**SOURCE INFORMATION**:
========

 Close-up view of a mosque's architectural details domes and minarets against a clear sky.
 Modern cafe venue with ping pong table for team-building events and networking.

========

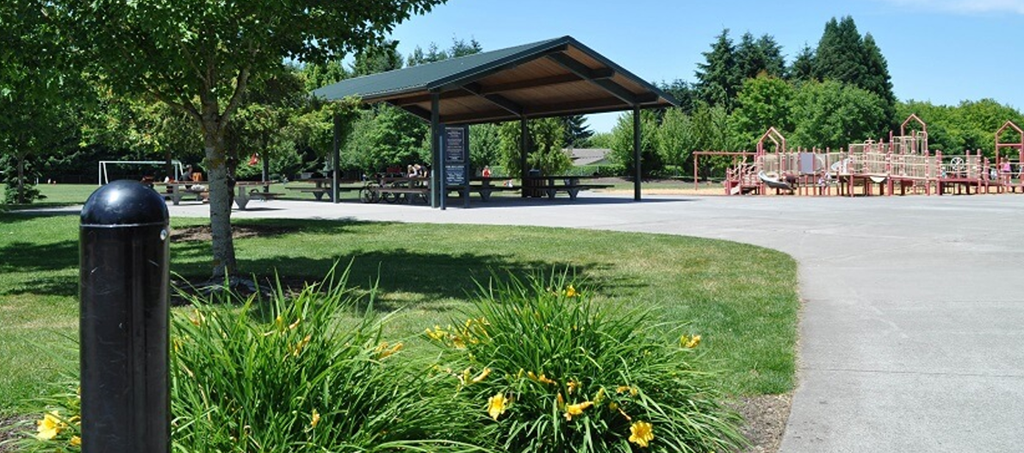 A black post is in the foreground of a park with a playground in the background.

========

**DIRECTIONS FOR THIS TASK**:
Scan the lines above for "Close-up view of" and for "Modern cafe venue". Repeat exactly the line holding each of them and every line in between.

**RESPONSE TO THIS TASK**:
 Close-up view of a mosque's architectural details domes and minarets against a clear sky.
 Modern cafe venue with ping pong table for team-building events and networking.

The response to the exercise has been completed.